Volcano Radio (ZD8VR)
- Saint Helena, Ascension and Tristan da Cunha;
- Frequency: 1602 kHz

History
- Founded: 1958
- Last air date: 2009

= Volcano Radio =

Volcano Radio was a radio station on the British Overseas Territory of Ascension Island. The station aired pop music, with most of its disc jockeys being American engineers working on projects on the island and several US servicemen helping. The station's recorded programming and news came from the Armed Forces Radio & Television Service.
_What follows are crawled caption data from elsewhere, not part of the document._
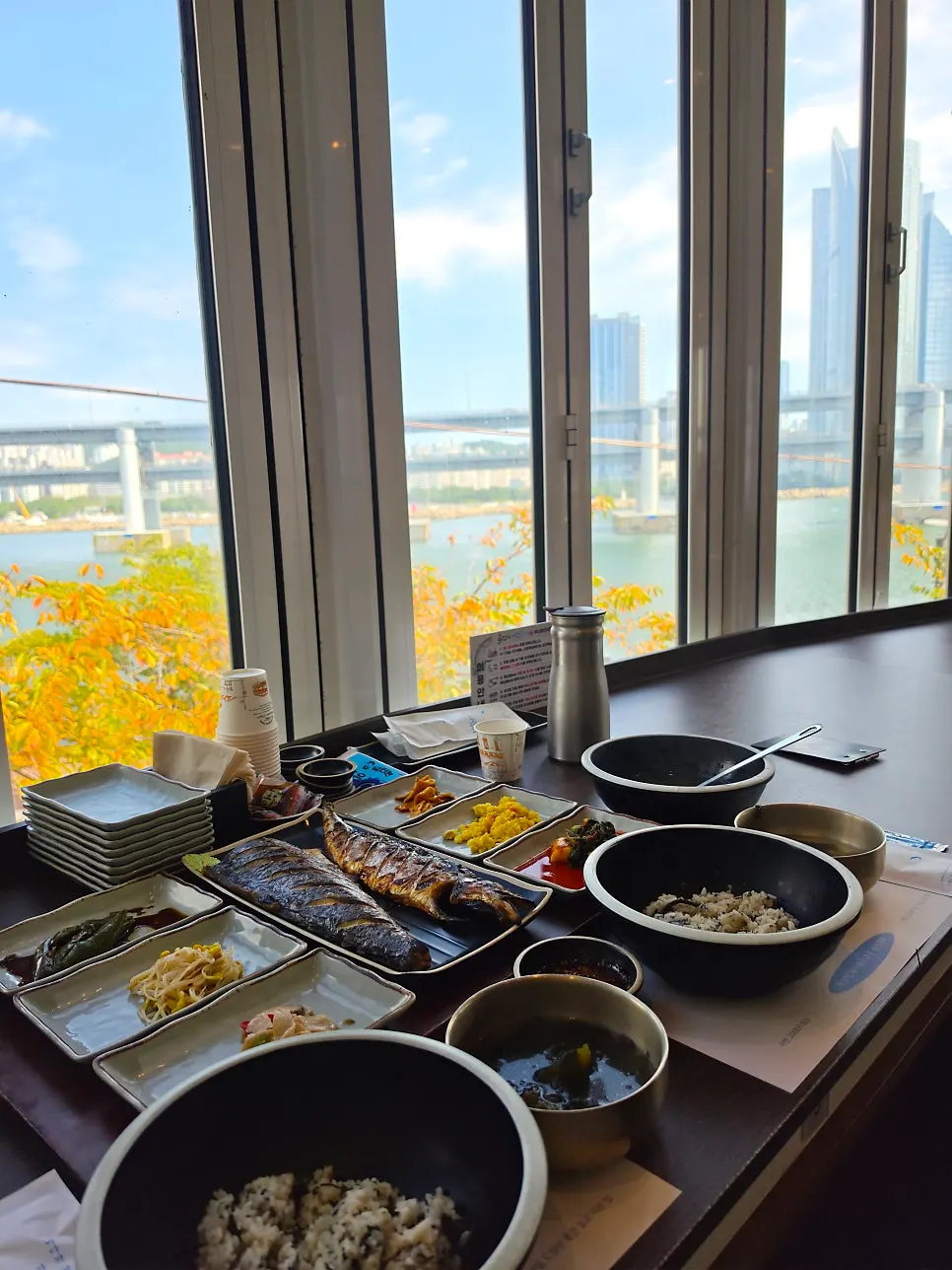 Wood-fired grilled fish spread with a Gwangan Bridge view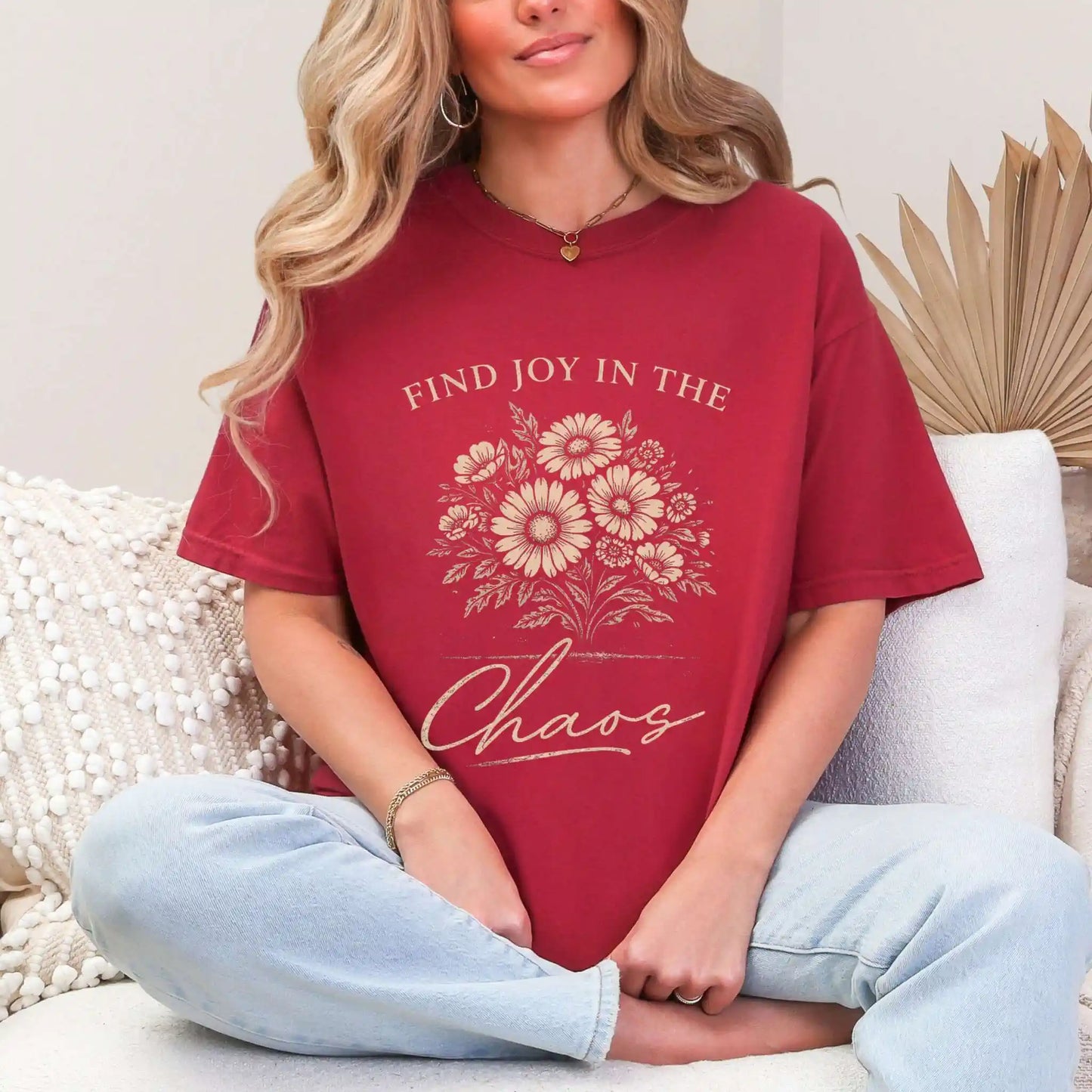 Woman wearing a Chili colored t-shirt with floral design and "Find joy in the chaos" text, sitting on a couch.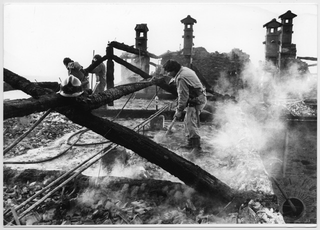 Pompieri intenti nella rimozione di detriti sul tetto del Convento di Bigorio dopo l'incendio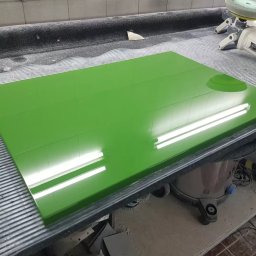 MEB-LAK - Błyszczący, zielony front meblowy leży na blacie roboczym. Widoczne odbicie światła, szlifierka i odkurzacz. Detal z produkcji mebli na wymiar.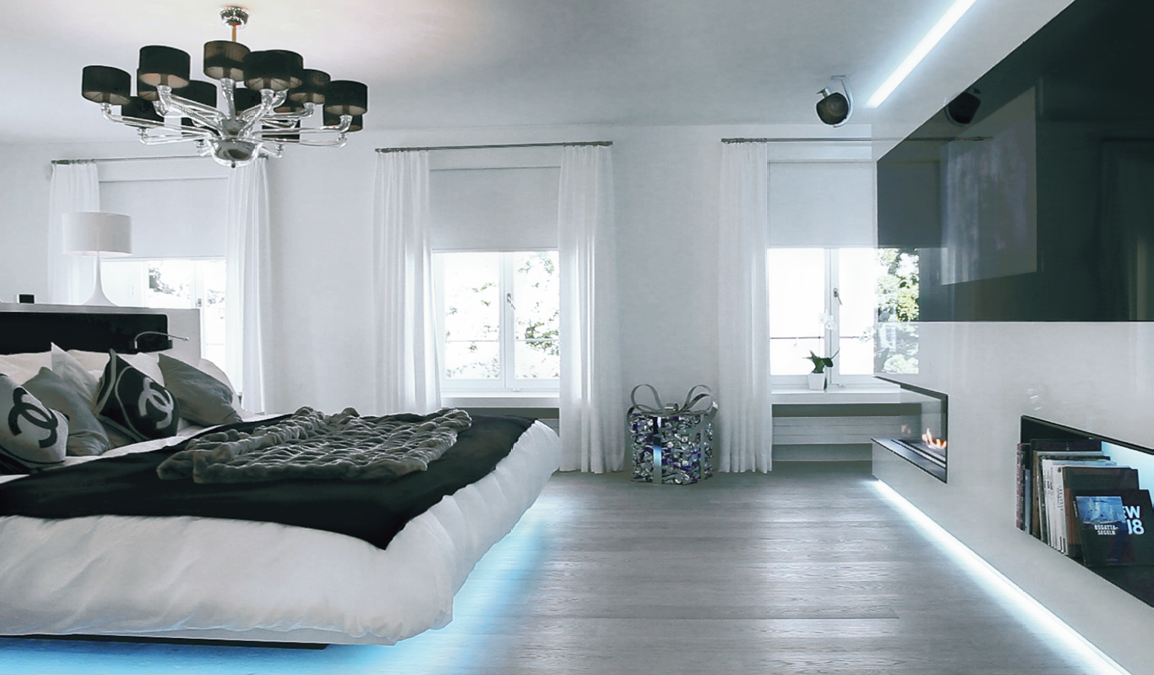 Master bedroom with chandelier and lakeside light
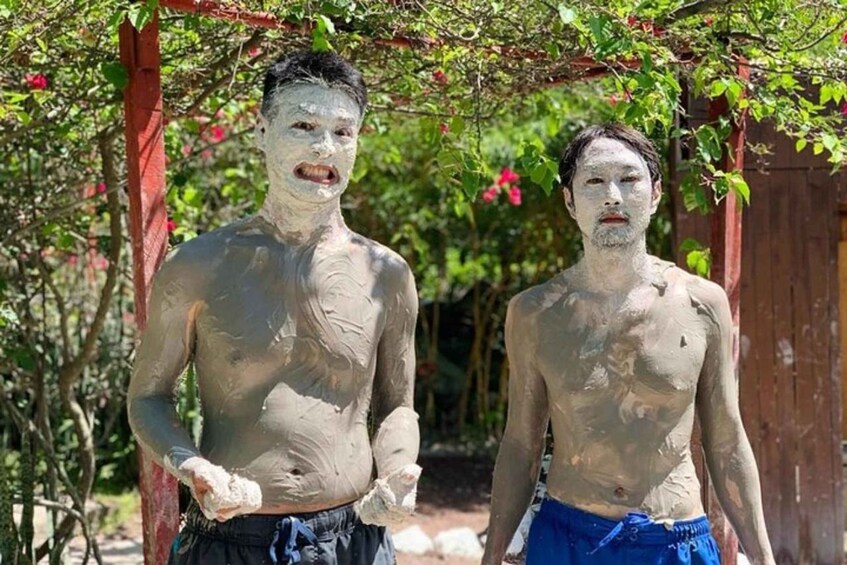 Two shirtless men covered in mud standing under a tree. 1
It was funded by the United States Armed Forces, with the station's only way of earning income being a weekly bingo game they ran. It was set up by RCA Records in 1958 and broadcast pre-recorded programming and music from 1958 until it shut down in 2009. Its medium wave transmitter was on the extinct volcano Green Mountain. The station was run by local volunteers and amateur disc jockeys. The station's theme tune was "This is Volcano Radio Station, the Voice of Ascension Island, South Atlantic Ocean".

In 1963, The Magazine of the Royal Navy's Communications Branch and The Royal Naval Amateur Radio Society described the station as the "loneliest commercial radio station in the world". The 1987 edition of the World Radio TV Handbook recorded the station's address as being the US Auxiliary Base on Ascension Island. In 1967, The Torquay Herald Express described the station as the "world's smallest non-stop pop radio".

==History==
The station was set up by RCA Records in 1958, starting broadcasting in July of that year. In March 1962, the station became an "authorized outlet" of the Armed Forces Radio and Television Service, an agency of the United States Department of Defense. The station shut down in 2009, with their final broadcast stating "Volcano Radio: All good things must come to an end".